I would gently pry the crack open, and then inject acetone (typically your local epoxy/fiberglass shop sells syringes).
I cannot agree with you here. Simply injecting acetone does nothing. Acetone is a solvent, it acts by dissolving and/or holding in suspension the contaminants you want to remove. But you must immediately wipe it away, or 30 seconds later the acetone has flashed, and the contaminants are re-deposited exactly where they were before. You can't wipe away acetone that you have injected into a crack.
The crack originally described in this thread may not have been contaminated with crud, but the teak oils will still be there. Minnewaska's crack, if it faces the sky, will doubtless be full of atmospheric crud as well as teak oil. Better to cleanly dremel out a crack and be able to get a putty knife wrapped in a thin rag in there splashed with acetone (or my new favourite, interlux solvent wash - flashes much more slowly) to properly clean the crack and actually remove the contaminants.
In the case of the problem originally described in this thread, unless you have pretty great woodworking skills and steady hands, opening up the crack with a dremel upside down from below would end up looking like a dog's @ss. So unless it is a huge drama to remove the piece, replacing it just makes more sense. I think in the long run, it would ikely take less time and frustration than any in-place repair would. Minnewaska's crack is facing up (I think?), so it might be more possible to do a passable job of opening up the crack to clean it out properly. A crack opened up and cleaned can be carefully filled with thickened epoxy. My recipe for thickener in places it will be seen is 2 parts teak flour (sanding dust) to one part West 404. Teak flour alone is too dark, almost dark chocolate when set up, 404 is too white. Together they make a very strong filler that when set up is pretty close to the finished teak colour.
The dutchman and butterfly patch methods you linked to are really great methods, but require rather advanced skills and good tools to come out not looking like the same dog's backside described above. Furthermore, doing those joints in place upside down in the case of the original post, would be a remarkable feat of both acrobatics and carpentry. I am going to do a dutchman repair in the cockpit coaming of my dock neighbours' boat, but it's a fairly large dutchman repair, about 2-1/2x8 inches so much easier. As well we will have all the time in the world to work the joint with a router and sharp chisels while debating the merits of real beer vs Bud Light with lime.

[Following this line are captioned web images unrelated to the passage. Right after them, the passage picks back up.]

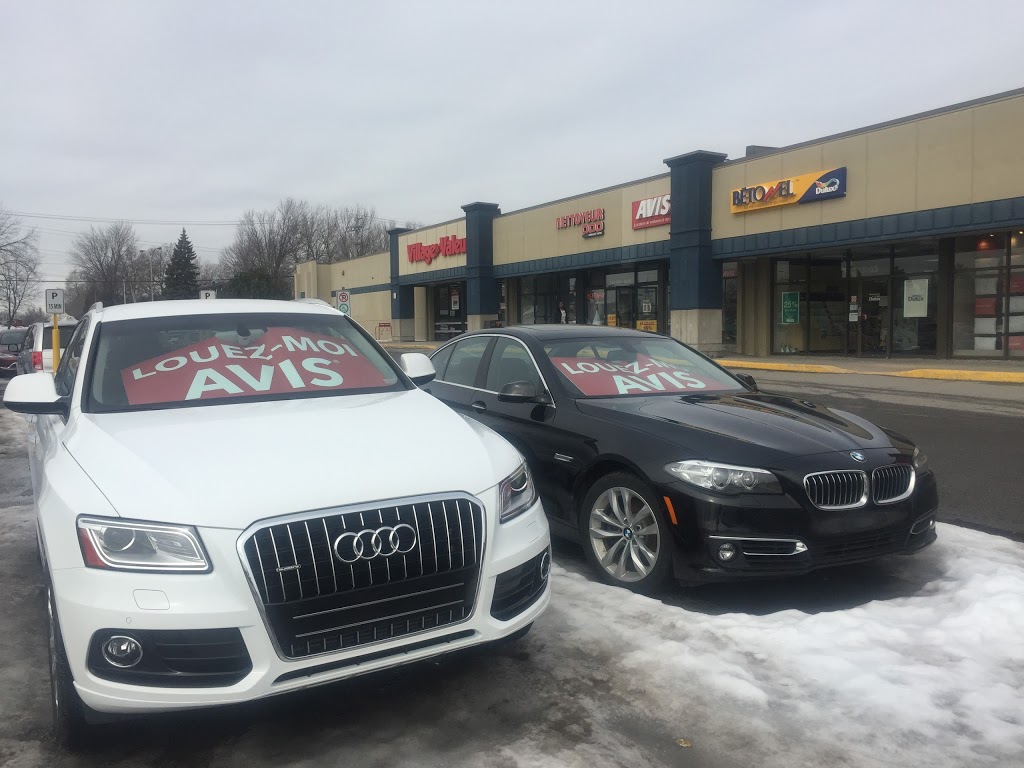 Avis Car Rental | 3387 Boulevard Des Sources Centennial Plaza, Dollard-Des Ormeaux, QC H9B 1Z8, Canada | Phone: (514) 697-1813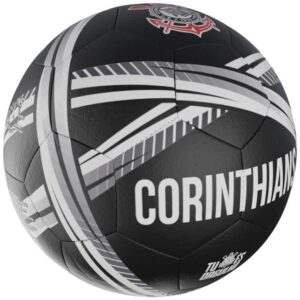 Bola de Futebol Corinthians Nacao Corinthiana - Imagem 2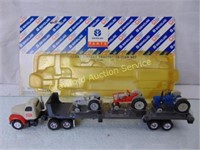 The Complete "Tim's Toys" Toy Tractor Dispersal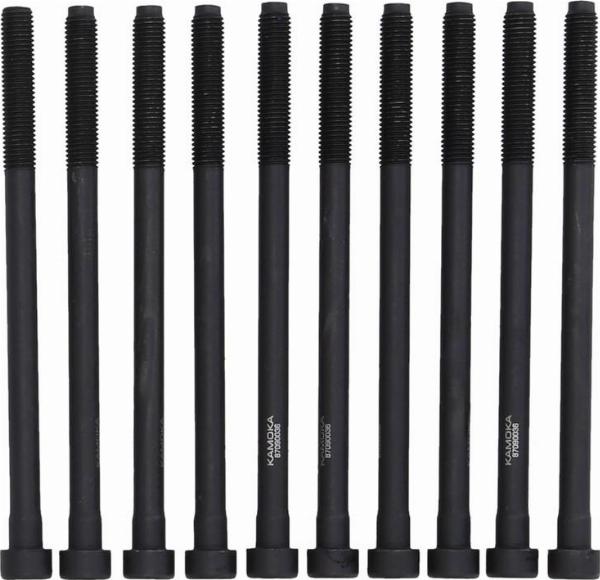 Kamoka 8709036 - Комплект болтів головки циліндрів autocars.com.ua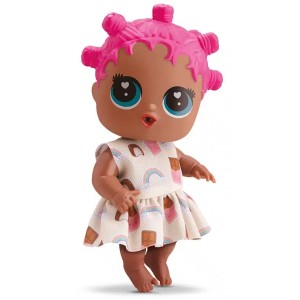 Boneca Baby Buddies Sabores - Cacau 758 Bambola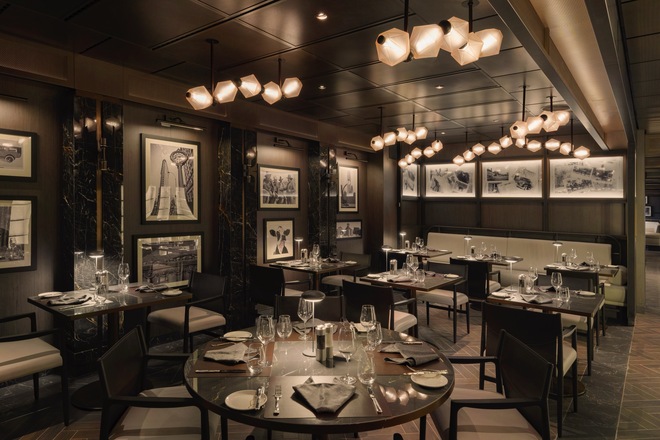 Marble & Co. Grill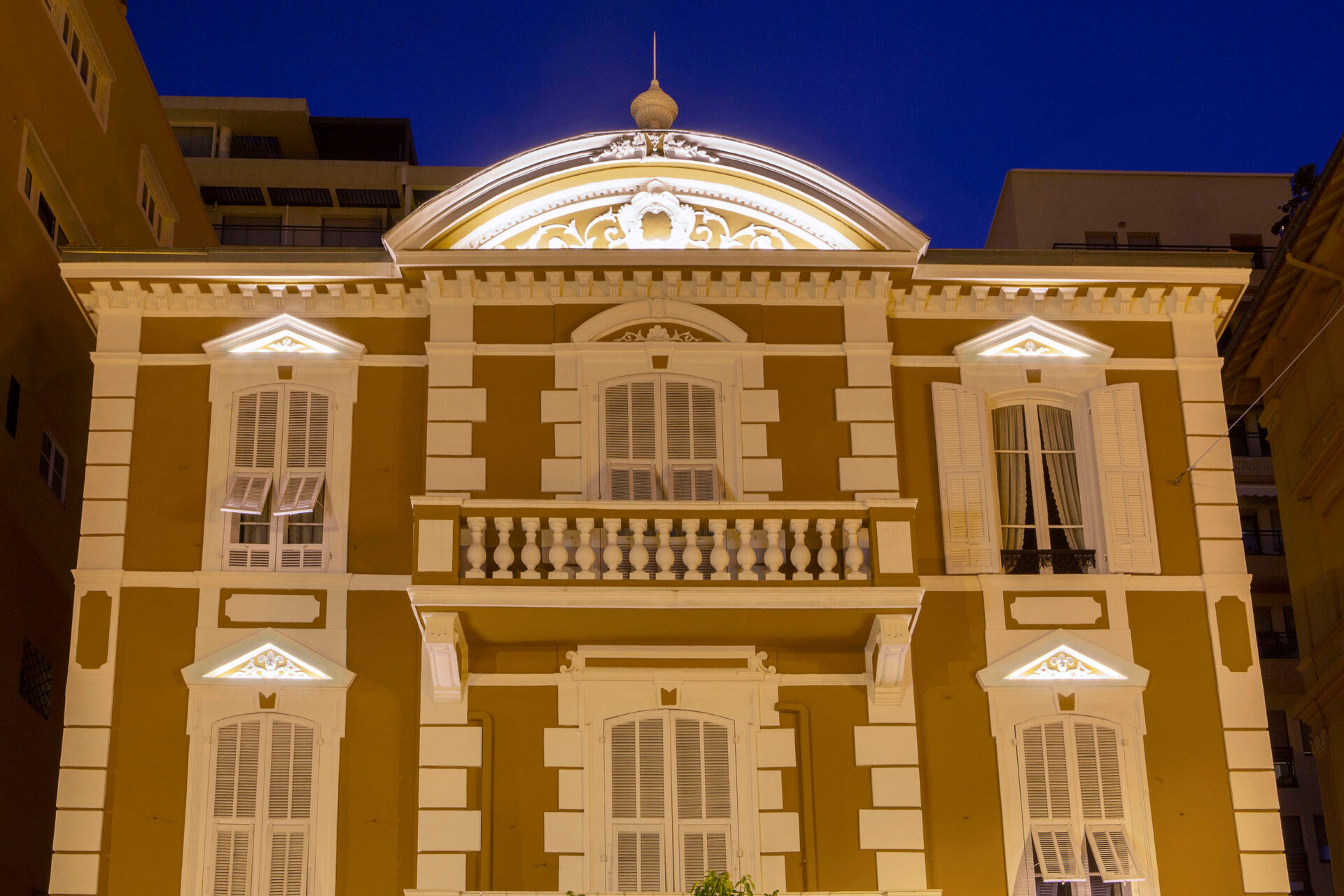 Hôtel particulier à Monaco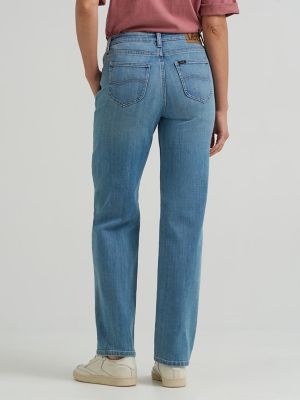 Jeans Mujer Lee Skinny Cintura extra alta 444 – Lee® México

Minnewaska could consider a spline repair if the crack is long and kind of straight. That would involve setting up a jig so that you could use a router to cut a fresh clean square channel where the crack is, then make a spline out of a bit of teak to fit into the channel. Once the channel is solvent cleaned, West System is your best pal in the adhesive department. Glue in the spline, sand it flush, finish with varnish.